# What you should do
Using the data beneath this instruction, retype only the lines from the one that contains "Surreal pink roses, snowflakes, and" down to the one that contains "カラードレス グリーン サテン", both included, exactly as they appear.

# Recorded information
▼
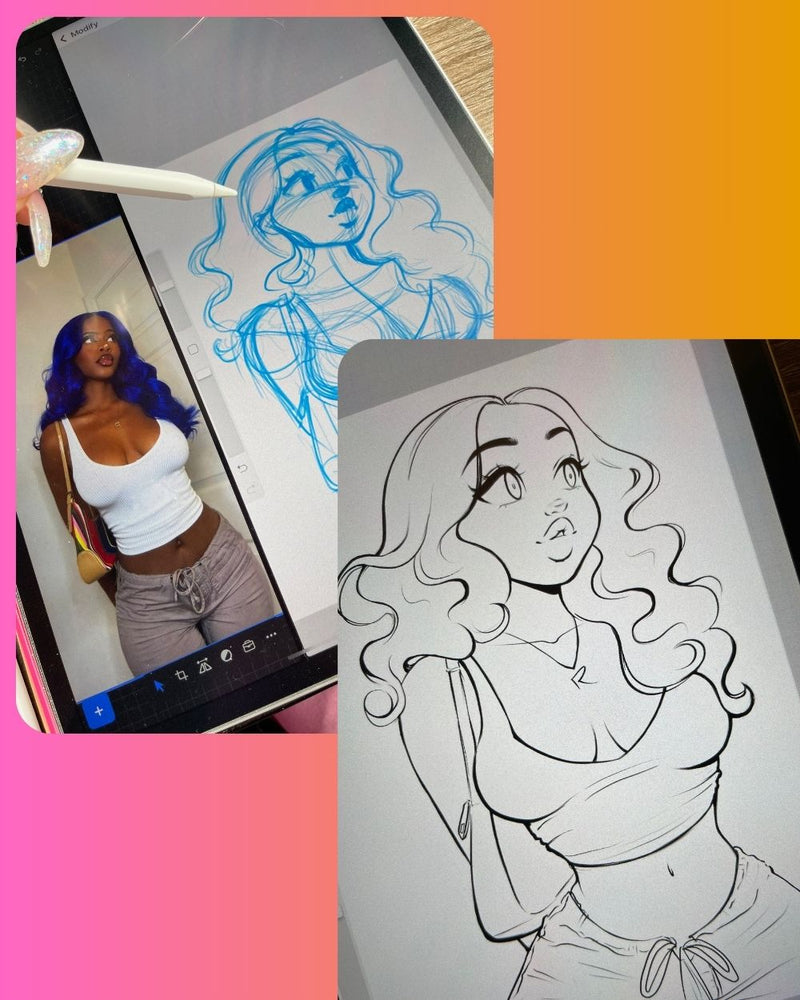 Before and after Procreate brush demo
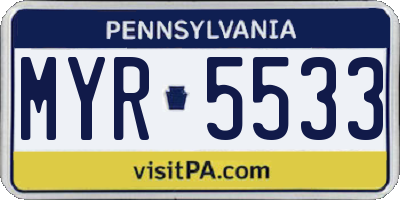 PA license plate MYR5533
▲
▼
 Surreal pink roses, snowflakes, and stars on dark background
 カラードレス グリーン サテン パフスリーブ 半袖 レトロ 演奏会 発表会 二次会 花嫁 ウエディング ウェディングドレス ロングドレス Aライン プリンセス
▲
# Task answer
 Surreal pink roses, snowflakes, and stars on dark background
 カラードレス グリーン サテン パフスリーブ 半袖 レトロ 演奏会 発表会 二次会 花嫁 ウエディング ウェディングドレス ロングドレス Aライン プリンセス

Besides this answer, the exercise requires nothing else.